══ DATASET ══

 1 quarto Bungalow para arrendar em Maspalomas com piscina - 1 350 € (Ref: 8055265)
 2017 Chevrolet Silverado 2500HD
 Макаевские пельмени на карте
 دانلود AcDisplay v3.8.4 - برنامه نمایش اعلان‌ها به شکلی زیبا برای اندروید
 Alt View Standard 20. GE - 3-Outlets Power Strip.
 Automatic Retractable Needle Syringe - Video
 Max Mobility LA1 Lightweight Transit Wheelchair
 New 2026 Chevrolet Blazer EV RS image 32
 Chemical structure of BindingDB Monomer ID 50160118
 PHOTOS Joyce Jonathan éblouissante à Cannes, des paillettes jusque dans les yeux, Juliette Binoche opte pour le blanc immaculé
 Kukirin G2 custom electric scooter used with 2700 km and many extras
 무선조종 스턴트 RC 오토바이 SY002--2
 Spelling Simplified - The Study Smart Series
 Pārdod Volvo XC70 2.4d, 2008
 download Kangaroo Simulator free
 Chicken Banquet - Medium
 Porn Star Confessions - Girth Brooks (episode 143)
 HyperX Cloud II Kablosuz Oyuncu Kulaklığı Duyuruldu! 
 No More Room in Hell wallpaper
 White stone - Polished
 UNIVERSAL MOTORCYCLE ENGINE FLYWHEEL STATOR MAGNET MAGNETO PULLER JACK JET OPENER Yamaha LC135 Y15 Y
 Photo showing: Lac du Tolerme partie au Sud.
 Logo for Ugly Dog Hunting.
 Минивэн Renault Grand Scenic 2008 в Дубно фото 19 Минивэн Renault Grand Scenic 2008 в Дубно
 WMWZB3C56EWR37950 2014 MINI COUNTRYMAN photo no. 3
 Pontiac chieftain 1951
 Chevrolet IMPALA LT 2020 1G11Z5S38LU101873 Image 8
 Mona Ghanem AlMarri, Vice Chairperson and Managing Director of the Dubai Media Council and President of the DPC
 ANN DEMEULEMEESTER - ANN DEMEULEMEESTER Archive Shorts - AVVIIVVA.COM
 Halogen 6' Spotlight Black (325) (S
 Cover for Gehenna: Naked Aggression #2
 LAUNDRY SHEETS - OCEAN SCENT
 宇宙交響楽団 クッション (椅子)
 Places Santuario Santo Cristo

═══

• EXERCISE BRIEF:
Copy out all of the records, keeping every line identical.

• TASK SOLUTION:
 1 quarto Bungalow para arrendar em Maspalomas com piscina - 1 350 € (Ref: 8055265)
 2017 Chevrolet Silverado 2500HD
 Макаевские пельмени на карте
 دانلود AcDisplay v3.8.4 - برنامه نمایش اعلان‌ها به شکلی زیبا برای اندروید
 Alt View Standard 20. GE - 3-Outlets Power Strip.
 Automatic Retractable Needle Syringe - Video
 Max Mobility LA1 Lightweight Transit Wheelchair
 New 2026 Chevrolet Blazer EV RS image 32
 Chemical structure of BindingDB Monomer ID 50160118
 PHOTOS Joyce Jonathan éblouissante à Cannes, des paillettes jusque dans les yeux, Juliette Binoche opte pour le blanc immaculé
 Kukirin G2 custom electric scooter used with 2700 km and many extras
 무선조종 스턴트 RC 오토바이 SY002--2
 Spelling Simplified - The Study Smart Series
 Pārdod Volvo XC70 2.4d, 2008
 download Kangaroo Simulator free
 Chicken Banquet - Medium
 Porn Star Confessions - Girth Brooks (episode 143)
 HyperX Cloud II Kablosuz Oyuncu Kulaklığı Duyuruldu! 
 No More Room in Hell wallpaper
 White stone - Polished
 UNIVERSAL MOTORCYCLE ENGINE FLYWHEEL STATOR MAGNET MAGNETO PULLER JACK JET OPENER Yamaha LC135 Y15 Y
 Photo showing: Lac du Tolerme partie au Sud.
 Logo for Ugly Dog Hunting.
 Минивэн Renault Grand Scenic 2008 в Дубно фото 19 Минивэн Renault Grand Scenic 2008 в Дубно
 WMWZB3C56EWR37950 2014 MINI COUNTRYMAN photo no. 3
 Pontiac chieftain 1951
 Chevrolet IMPALA LT 2020 1G11Z5S38LU101873 Image 8
 Mona Ghanem AlMarri, Vice Chairperson and Managing Director of the Dubai Media Council and President of the DPC
 ANN DEMEULEMEESTER - ANN DEMEULEMEESTER Archive Shorts - AVVIIVVA.COM
 Halogen 6' Spotlight Black (325) (S
 Cover for Gehenna: Naked Aggression #2
 LAUNDRY SHEETS - OCEAN SCENT
 宇宙交響楽団 クッション (椅子)
 Places Santuario Santo Cristo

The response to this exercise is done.